Daratu is considered to be a poor area, as it was originally a collective town where women and children of the destroyed villages of Saddam’s Anfal-campaign of the eighties were housed. Photo by author
DARATU, Kurdistan Region – They stand proudly next to each other behind their stalls in the brand new Daratu Market place, one selling vegetables, the other cleaning materials. Soon the purple ribbon will be cut to officially open this covered market with its sixty places, and these two men have been working since early morning to fill their stalls for their first day of work.
Simmo Hussein Bero, 60, fled from the Yezidi region of Shingal (Sinjar) when the Islamic State (ISIS) invaded it two years ago. He was a vegetables seller there, too, and he thinks his clients will be mainly people from his own community who now live in the nearby Qushtapa camp.
Atta Mohammed, 36, is from Daratu itself, a small town on the outskirts of the Kurdistan capital Erbil, and he used to drive around town selling goods and household items in his van.

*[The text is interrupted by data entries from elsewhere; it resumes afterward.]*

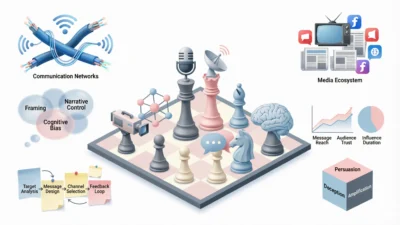 Synonyms of Psychological Warfare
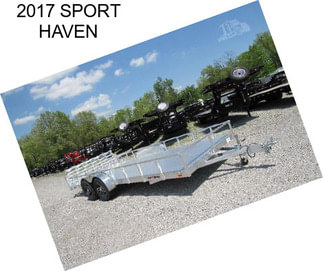 2017 SPORT HAVEN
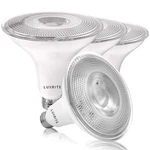 Luxrite 4 Pack Par38 Led Outdoor Count (pack Of 1), 3000k (soft White). Fixed Price $49.81.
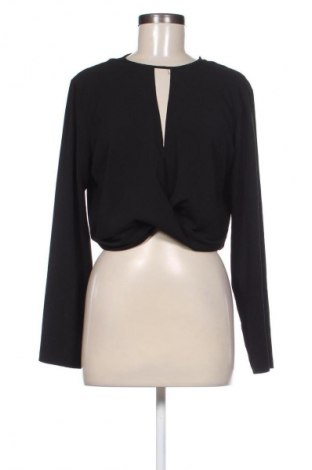 Bluză de femei H&M Divided, Mărime L, Culoare Negru, Preț 48,83 Lei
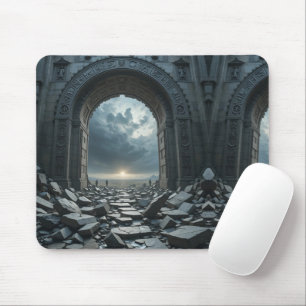 Tapis De Souris Passerelle domestique endommagée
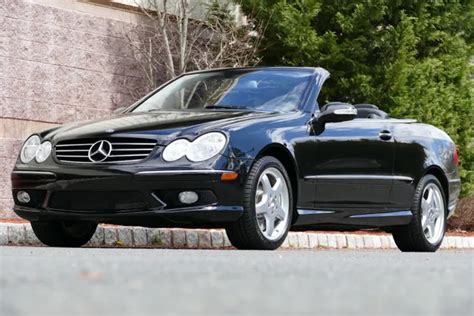 2004 Mercedes Benz Clk 500 Convertible Vin Wdbtk75g24t010702 Classiccom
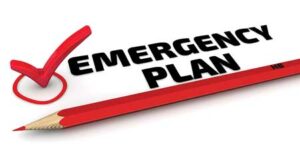 Emergency Preparedness Plan While Traveling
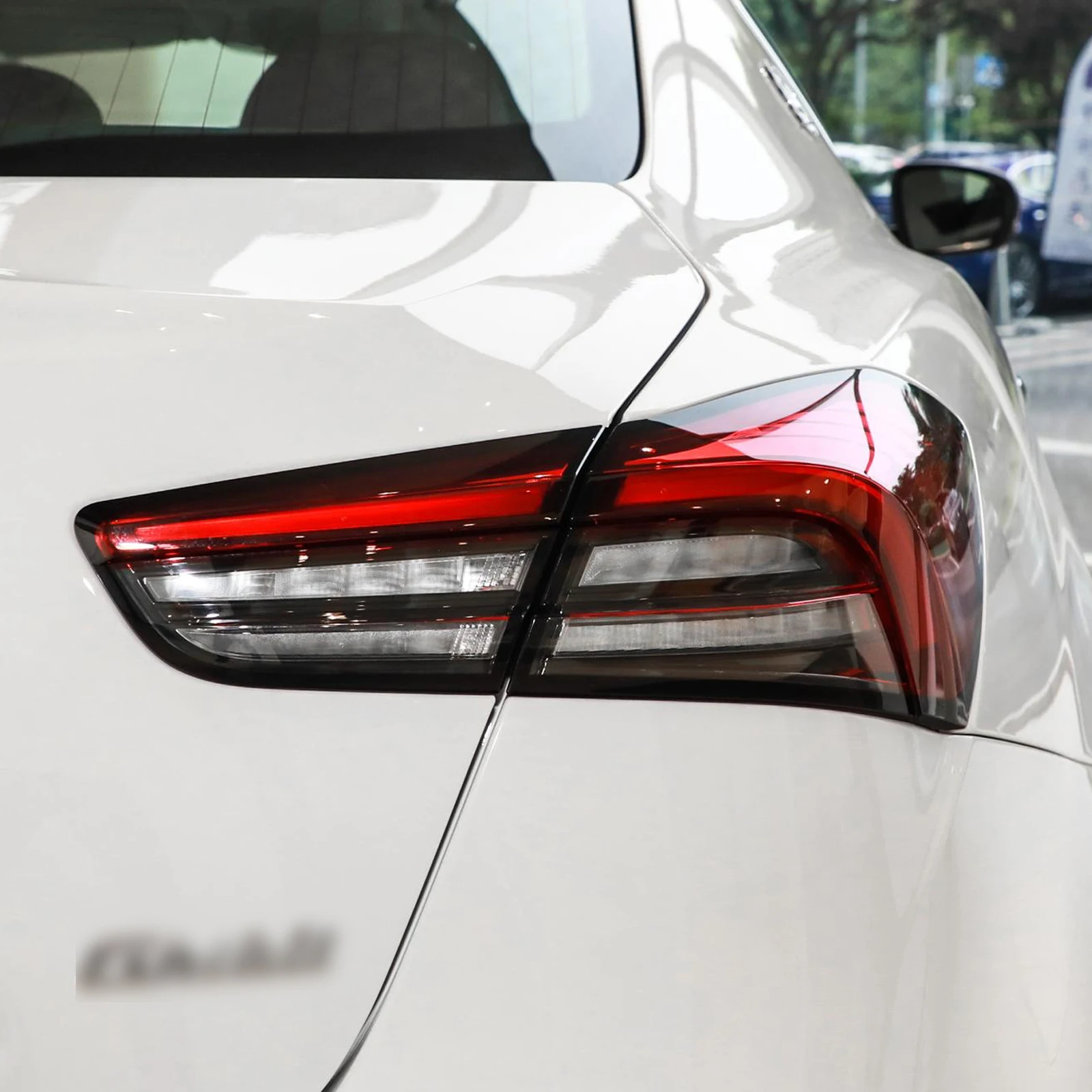 LED Tail Lamps For Maserati Ghibli 2014-2022 Upgrade Rear Tail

Hussein hopes to earn enough to finally move his wife and child from the camp to a rented home. He is already saving gas money not having to drive his van around town anymore.
They are two of sixty people that will benefit from this project developed with American funding by the International Organization for Migration (IOM), that is meant to help locals, refugees and internally displaced (IDP) to improve their livelihood.
The project that also aims to connect these different groups living in the area, was set up after a careful assessment of the local needs, says Barbara Rijks, head of the IOM office in Erbil.
The users pay no rent, but do pay for the services the municipality offers, like cleaning every day after closing and electricity, although the power shuts off eight hours every day and water is a problem in Daratu due to the fact that most wells have dried up.
IOM will not manage the project; the idea is for it to be locally owned, Rijks says. “The IOM will soon hand it over to the municipality, but we will monitor the situation for another year to make sure all goes well.”
The coordination with the local government already existed when it was decided to build the market, says Auday Alawee, IOM’s senior program assistant who was in charge of the project, and that was partly because the main fruit and vegetable supply in the town came from road vendors selling bad quality.
Daratu is considered to be a poor area, as it was originally a collective town where women and children of the destroyed villages of Saddam’s Anfal-campaign of the eighties were housed.
According to Alawee, there are some 16,000 local families, next to 4,000 of IDPs and 600 of Syrian refugees.
One of the striking features of the market are the cameras that are hanging all over the ceiling, monitoring the movement of vendors and customers.
They connect directly to the police station next door, where after the opening the nine screens on the screen show a quiet market.
Again there is a connection to the fact the different residents of the area work and shop here together, says Daratu district head Hemin Aadr. “We have three kinds of people in the market, and conflicts are to be expected between them. The cameras will help to make a safer environment for all.”
Unlike what many would think, locals are happy with the cameras, states IOM’s Alawee, for safety reasons. “Already shops in town are copying it, and installing their own cameras.”
The mayor of the Erbil countryside, Ibrahim Shekhalla who oversaw the inauguration, praises the project not only because it brings together the different communities, but also “because it gives people an income that will help their children go to school.”
“We as the management and the government will have less problems with families when they have incomes,” he said.
Ahmed al-Mohammed, a Syrian from Aleppo, used to sell PlayStation and other electronic games in his home country. He has now been living in the Daratu refugee camp and surviving on selling vegetables on the street.
His stall shows a big variety of vegetables and fruits, and he is already attracting customers even before the market is formally opened.
“Here I will earn more than on the street,” he states happily, mentioning it will improve the life of the seven children he has to feed. “We refugees do not get a salary, and I need to live.”